Bitcoin price at $200,000


The Tinubu government, which had in December 2023, lifted the ban on crypto transactions imposed by its predecessor, Muhammadu Buhari, may yet resort to banning the trade. But if there’s any lessons learned from the Buhari era ban, it is that such bans is a waste of time and effort, and many crypto traders say they are not sparing a thought on it, but are instead looking forward to another bull run in 2025.

“They lifted the ban by themselves because they also discovered that crypto currency trading is not illegal,” said a trader, Ope Folorunsho.


“The interest they are trying to protect is to halt the exchange of naira to the dollar, which they believe is adding more pressure to the naira. That’s why they are seeing Binance and other major trading platforms, as a threat. They went after them to block their activities. But why that is not going to be possible is that we’re in 2024 for goodness sake. The only thing they can do is to limit those with insufficient knowledge about how to manoeuvre the system.”

Ope noted that with the next Bitcoin halving occuring in April, the value of Bitcoin, which drives other cryptocurrencies, is expected to rise to more than times three of its last 2021 $68,000 peak in 2025.

“What I’m currently looking at is how to accumulate funds to buy crypto ahead of the next bull run,” he said. “I expect that going by the trend, Bitcoin will reach $200,000 next year after halving in this year.”

Bitcoin, which was invented in 2008 by Satoshi Nakamoto, an unknown person, with its use as a currency beginning in 2009, follows a four year cycle of halving.

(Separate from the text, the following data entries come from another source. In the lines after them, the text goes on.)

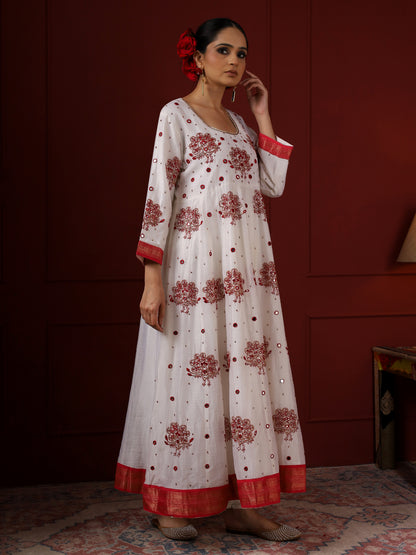 White and Red Peacock Anarkali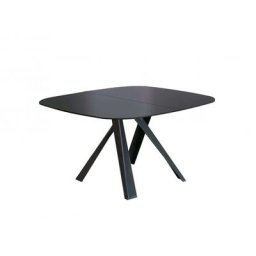 Table à rallonge BOMBO en Verre anti-empreinte Noir et piétement en métal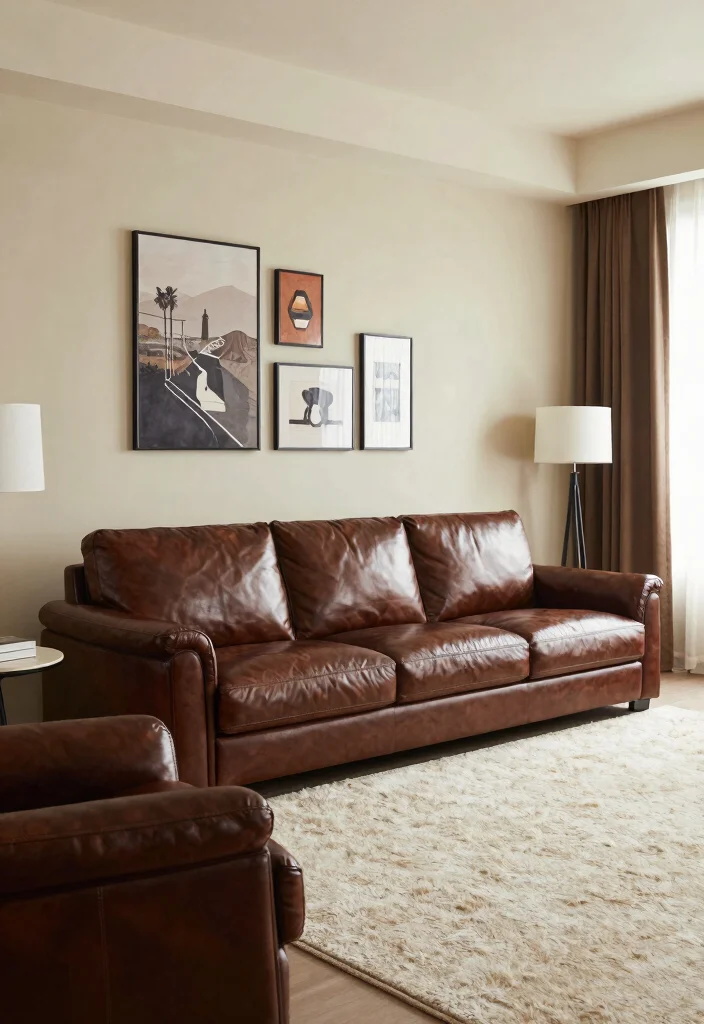 30 Men Apartment Living Room Decor Ideas for Masculine Style - 10. Leather Furniture 1
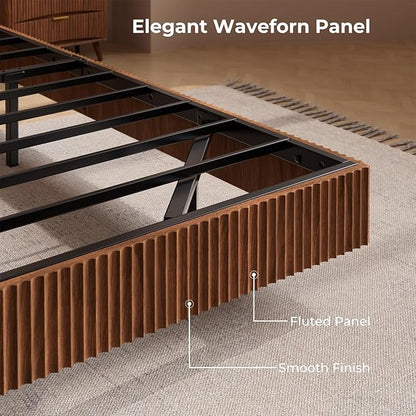 Evermagin Walnut Queen Floating Bed Frame with led Lights, Mid Century Modern Fluted Floating Platform Bed No Headboard, Heavy Duty Metal Float Bedframe No Box Spring Needed
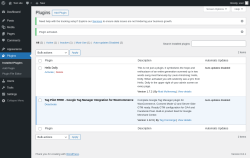 Page screenshot: Plugins ‹ Test site — WordPress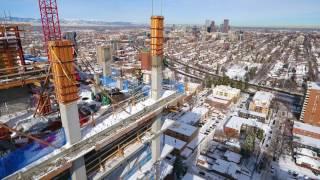 Amazing Drone tour of Denver High-Rise Construction Site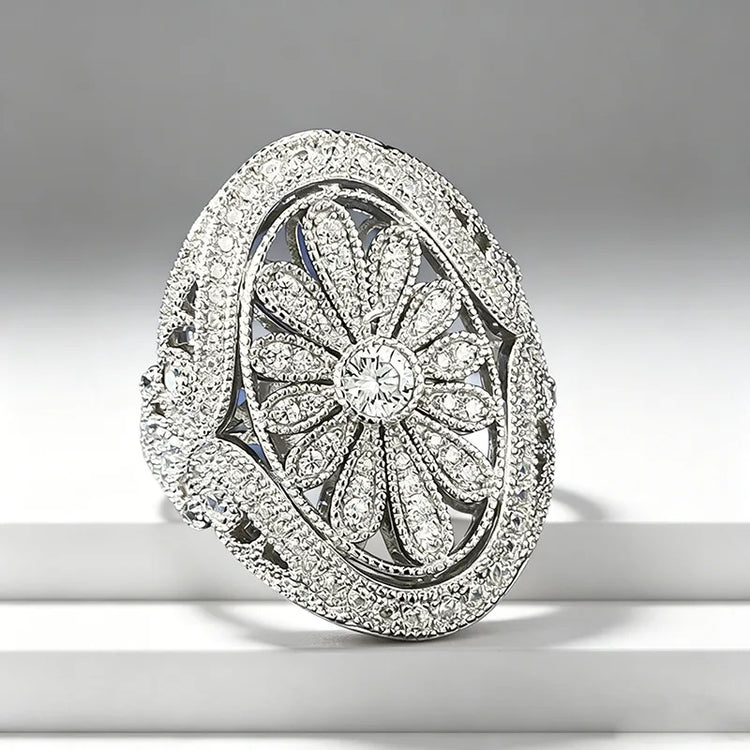 Luxury 18K white Solid Platinum PT950 certifid Full-cut moissanite ring handmade women's ring sets for womendesig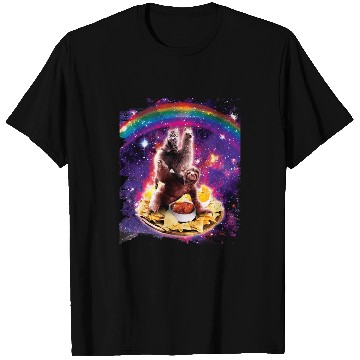 Discover Sloth Pet Space Cat Llama Sloth Riding Nachos T-Shirts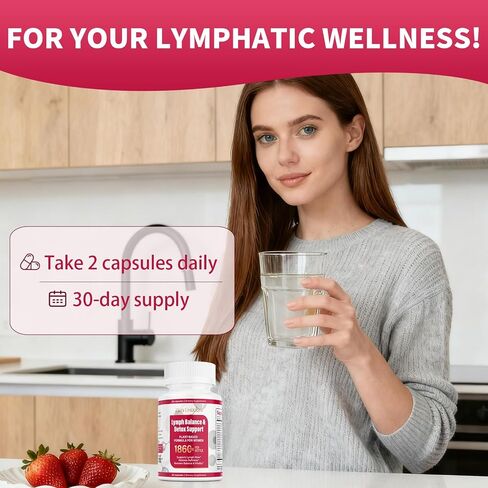 Lymphatic Drainage Supplements, 1860mg Lymph System Support Supplement for Women with Dandelion, Burdock, Echinacea, Rutin, Turmeric, Cleavers, Bromelain & More, 60 Capsules in Saudi Arabia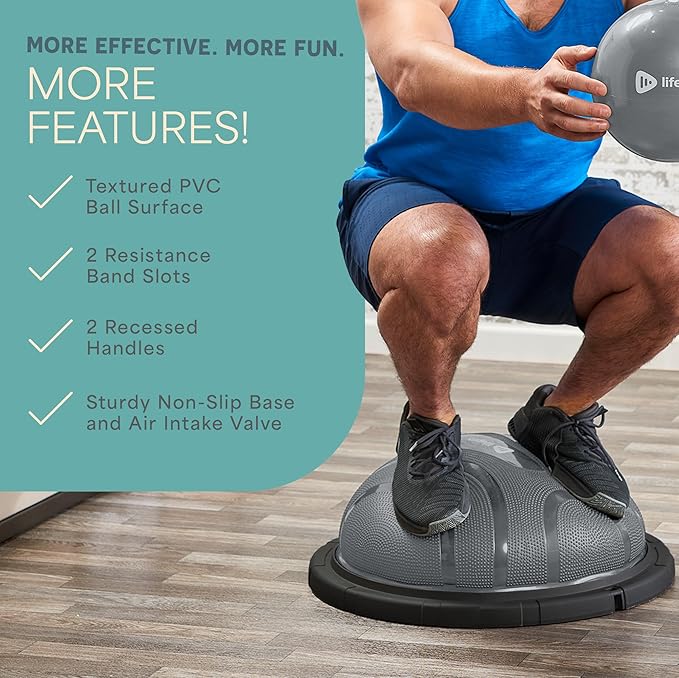 Lifepro Half Balance Ball Trainer - Stability Ball for Exercise, Full-Body Workouts, Home Gym, and Physical Therapy - Non-Slip Equipment for Balance Training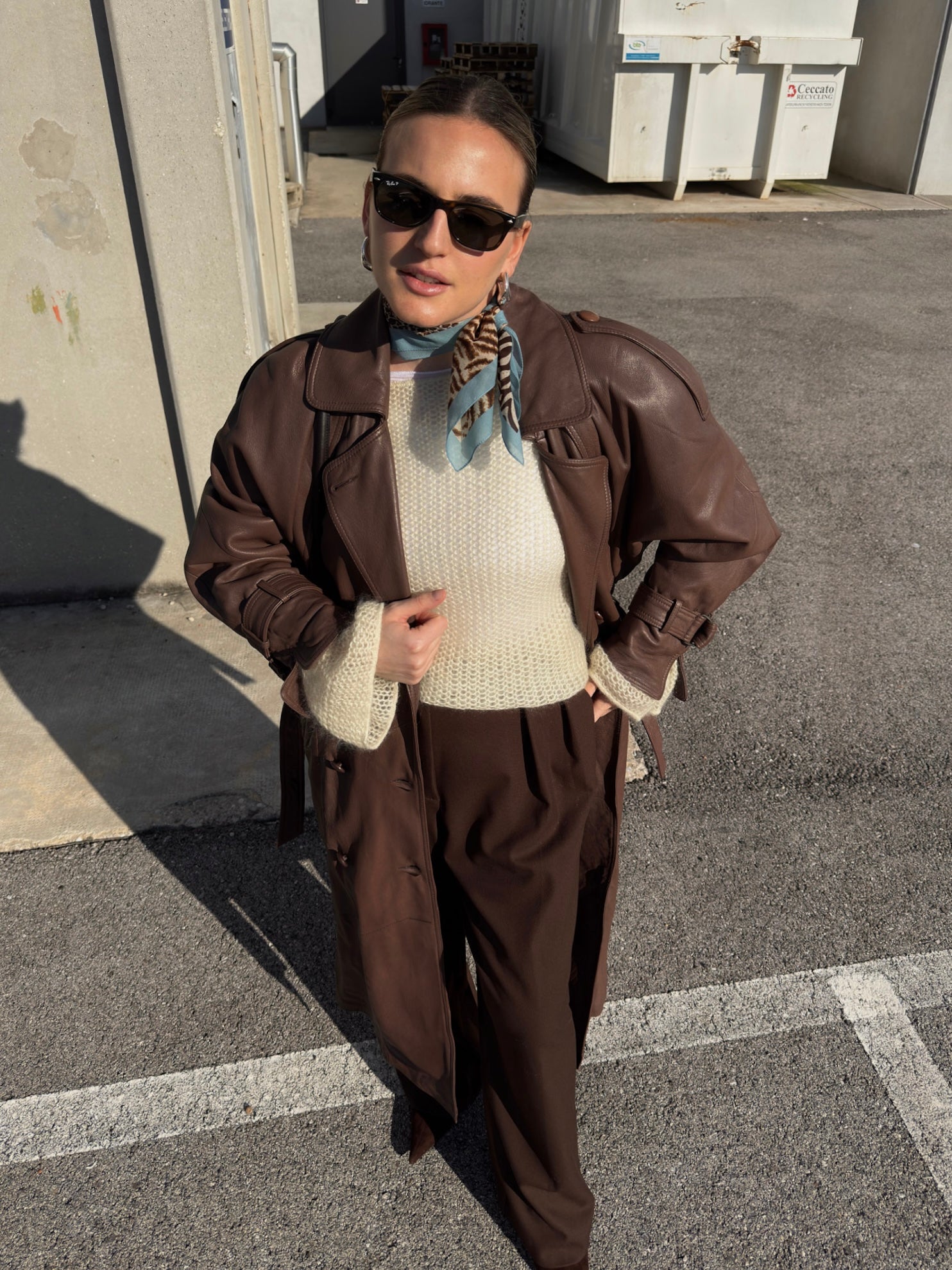 Genuin leather chocolate trench coat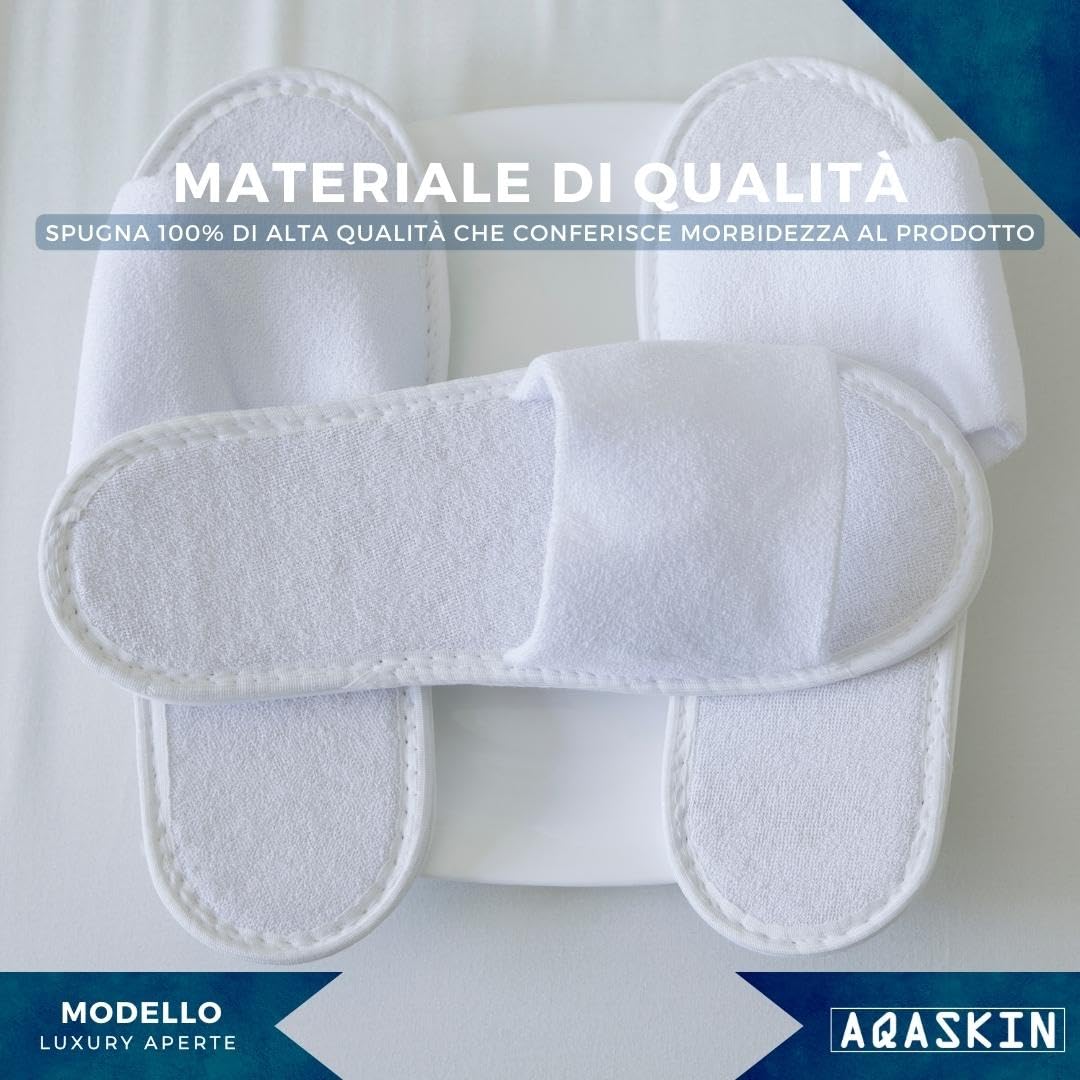 Ciabatte Monouso Antiscivolo in Spugna di Alta qualità – SCONTI QUANTITÁ - Fondo Rialzato Comodo e Morbido– Ideali per Hotel, Spa e Centri Benessere (Mod. LUXURY Aperte | 100 Paia)
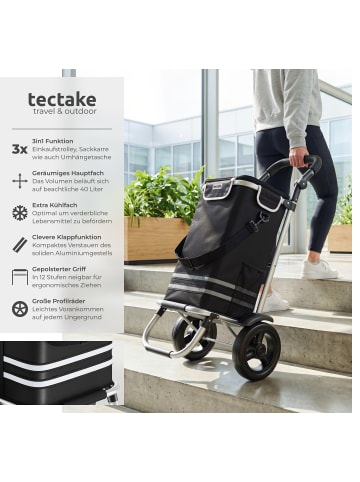 tectake Rollkoffer 3-in-1 Inkl. Kühltasche und leichtgängige Profilräder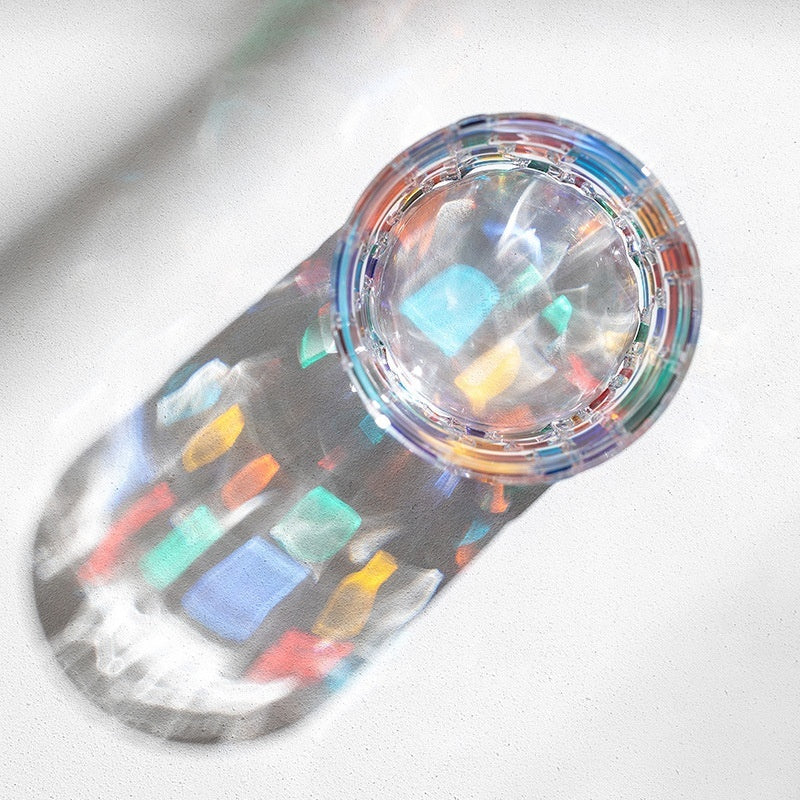 Colored Mosaic Wine Glass Painted Glass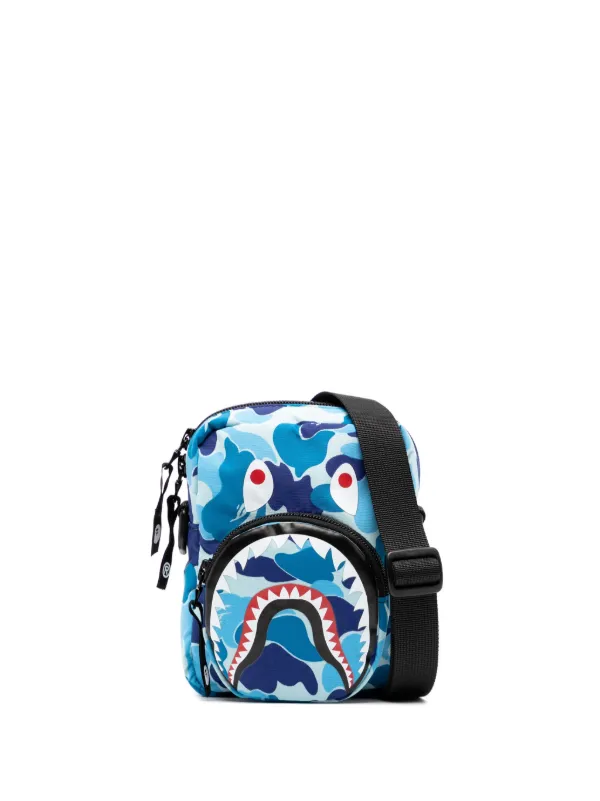 A BATHING APE® ABC CAMO SHARK Mini Bag | Blue | FARFETCH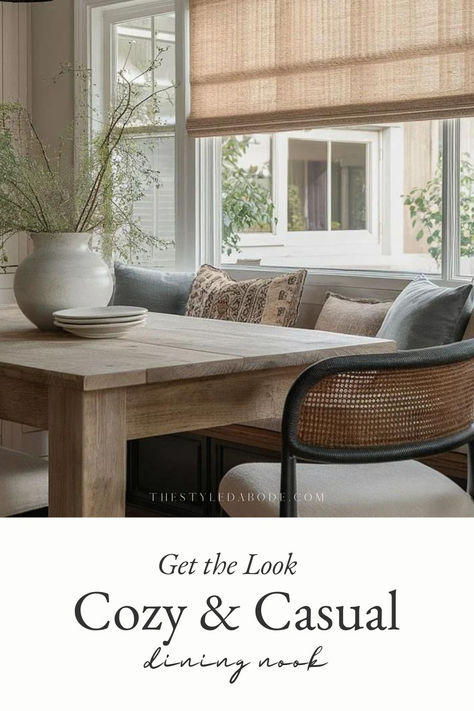 cozy breakfast nook California Casual Dining Room, Modern Spanish Home Interior, Dining Room Banquette Seating, Interior Styles Guide, Dining Room Banquette, Casual Dining Room, Vintage Living Room Furniture, Casual Dining Rooms, Cane Dining Chair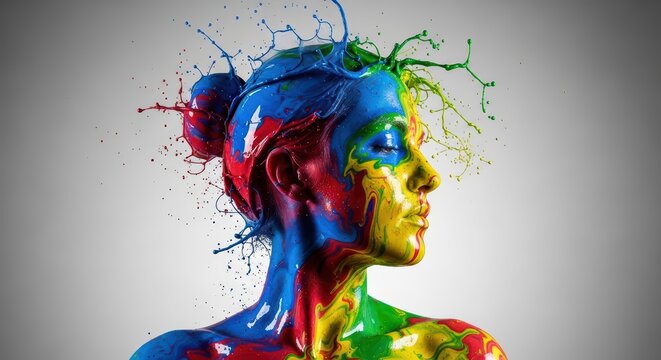 Vibrant colorful portrait of a woman with paint splashes on her face and hair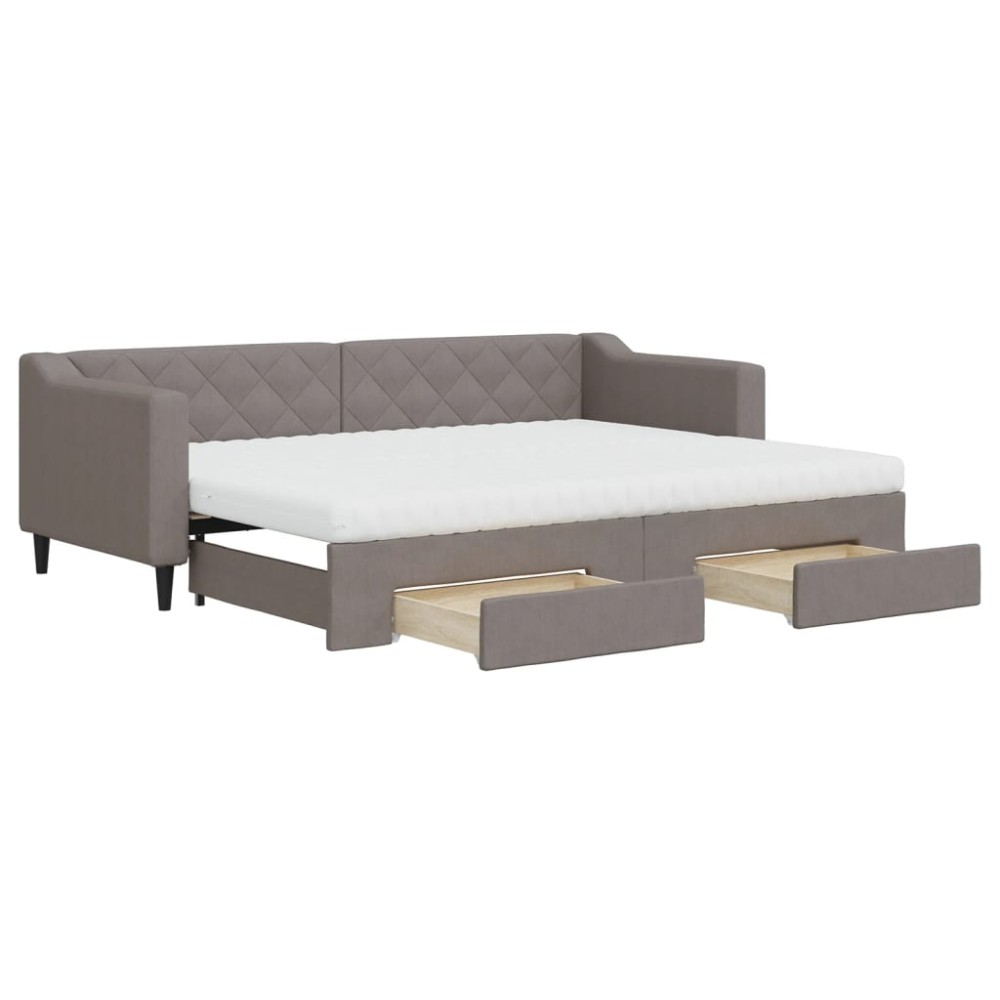 vidaXL Pat de zi cu extensie și sertare, gri taupe, 80x200 cm, textil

This means that after every four years, from the protocol that governs the Blockchain technology on which it runs, the incentive given to miners will drop by half. That is to say that for every block mined, the miners will be compensated with certain amount of Bitcoin. The reward for mining a block from the genesis block was 50 Bitcoins. Then in the first cycle, which happened in 2012, it reduced to 25. In the halving of 2016, it dropped again by half, to 12.5. Then in the halving of 2020, it came down to about 6.25.

“It is only through mining of blocks that a new Bitcoin can be released into the market. So, halving means that the rate with which new coins are coming into the market has reduced by half, therefore creating scarcity,” explained Omeje.

“At the same time, more people are joining the crypto trade. Which means that you have more people but less Bitcoins, and in economics, once there is less supply but increased demand, prices will shoot up.

“The next halving is going to take place around April 22, 2024, and the expectation is that the reward for mining will reduce by half. This means that price of Bitcoin has to go up to compensate for the effort and financial commitment it took to mine since the miners will have less quantity of Bitcoin, while maintaining the same mining cost. It costs a lot to mine. It’s the combination of some of these factors that push the price up.”


Omeke also agrees…


“It cycles out the year after mining, that’s why we’re projecting that by 2025, the price of Bitcoin may go up to as much as $200,000 going by the trend. In 2017, which is a year after the 2016 halving, it went from $1,000 to about $20,000. Then in 2021, that’s a year after the 2020 halving, it went about $68, 000,” he said.

“That was more than times three of the 2017 figure. So, if it’s going to replicate something like that, we can say that it will be heading towards $200,000 in 2025, or at least $180,000. It can also be way higher because of growing endorsement of Bitcoin. We have seen huge adoption of Bitcoin in recent times and the approval for Bitcoin ETF has brought it to the mainstream. So, it is possible that the next bull run can surpass $200,000.”